Pivoting from the cloud 

Partridge: It’s a great question because when I talk to customers about moving into the digital era, that triggers the question, “Well, what was there before this digital era?” And we might argue it was the cloud era that preceded it.

Now, don’t get me wrong. These aren’t sequential. I’m not saying that the cloud era is over and the digital era has replaced it. As you know, these are waves. And they rise on top of each other. But organizations that are able to go fast and accelerate on the digital agenda are often the same organizations.

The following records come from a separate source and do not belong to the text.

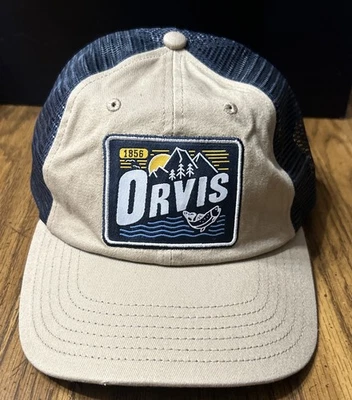 Sombrero de camionero Orvis de malla con cierre a presión caqui y azul parche logotipo pesca Foto 1 de 4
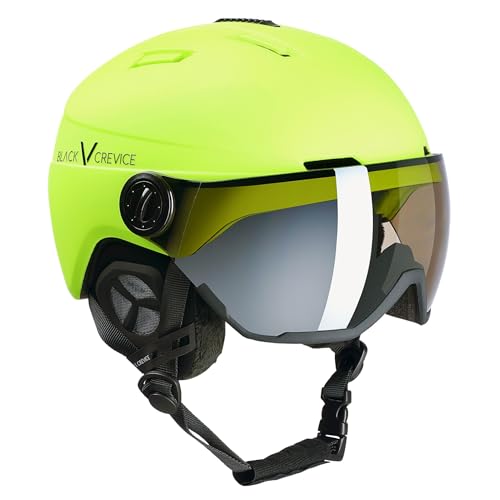Black Crevice Skihelm Calgary mit Visier, neon gelb mat/Silver, S (51-54)…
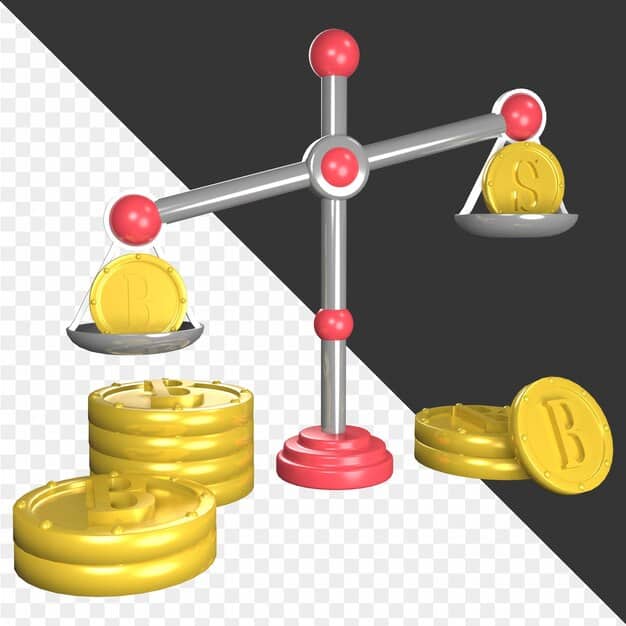 Digital illustration of a balanced scale between inflation represented by coins and economic growth represented by rising bars on a graph.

The biggest constraint we see as organizations try to stress-test their digital age adoption is to see if they actually have agility in the back end. Are the systems set up to be able to scale on-demand as they start to pivot toward digital channels to engage their customers? Does a recalibration of the supply chain mean applications and data are placed in the right part of on- or off-premises cloud architecture supply chains?
The biggest constraint we see as organizations try to stress-test their digital age adoption is to see if they actually have agility in the back end. Are the systems set up to be able to scale on-demand as they pivot to digital channels to engage with their customers?

If you haven’t gone through a modernization agenda, if you haven’t tackled that core innovation issue, if you haven’t embraced cloud architectures, cloud-scale, and software-defined – and, increasingly, by the way, the shift to things like containerization, microservices, and decomposing big monolithic applications into manageable chunks that are application programming interface
(API)-connected -- if you haven’t gone through that cloud-enabled exploration prior to the digital era, well, it looks like you still have some work to do before you can get the gains that some of those other modern organizations are now able to express.

There’s another constraint, which is really key. For most of the customers we speak to, it tends to be in and around the operating model. In a lot of conversations that I have with customers, they over-invested in technology. They are on every cloud platform available. They are using every kind of digital technology to gain a level of competitive advantage.

Yet, at the heart of any organization are the people. It’s the culture of the people and the innovation of your people that really makes the difference. So, not least of all, the supply chain agility, right in the heart of this conversation. It is the fundamental operating model -- not just of IT, but the operating model of the entire organization.


So have they unticked their value chain? Have they looked at the key activities? Have they thought when they implement new technology, and how that might replace or augment activities? And what does that mean to the staff? Can you bring them with you, and have you empowered them? Have you re-skilled them along the way? Have you driven those cultural change programs to force that digital-first mindset, which is really the key to success in all of this?

Gardner: So many interdependencies, so much complexity, frankly, when we’re thinking about transacting across the external edge to cloud, to consumer, and to data center. And we’re talking about business processes that need to extend into new supply chains or new markets.

Given that complexity, tell us how to progress beyond understanding how difficult this all can be and to adopt proven ways that actually work.

Universal model has the edge 

Partridge: For everything that we’ve talked about, we have figured out that there is a universal model that organizations can use to methodologically go off into this space.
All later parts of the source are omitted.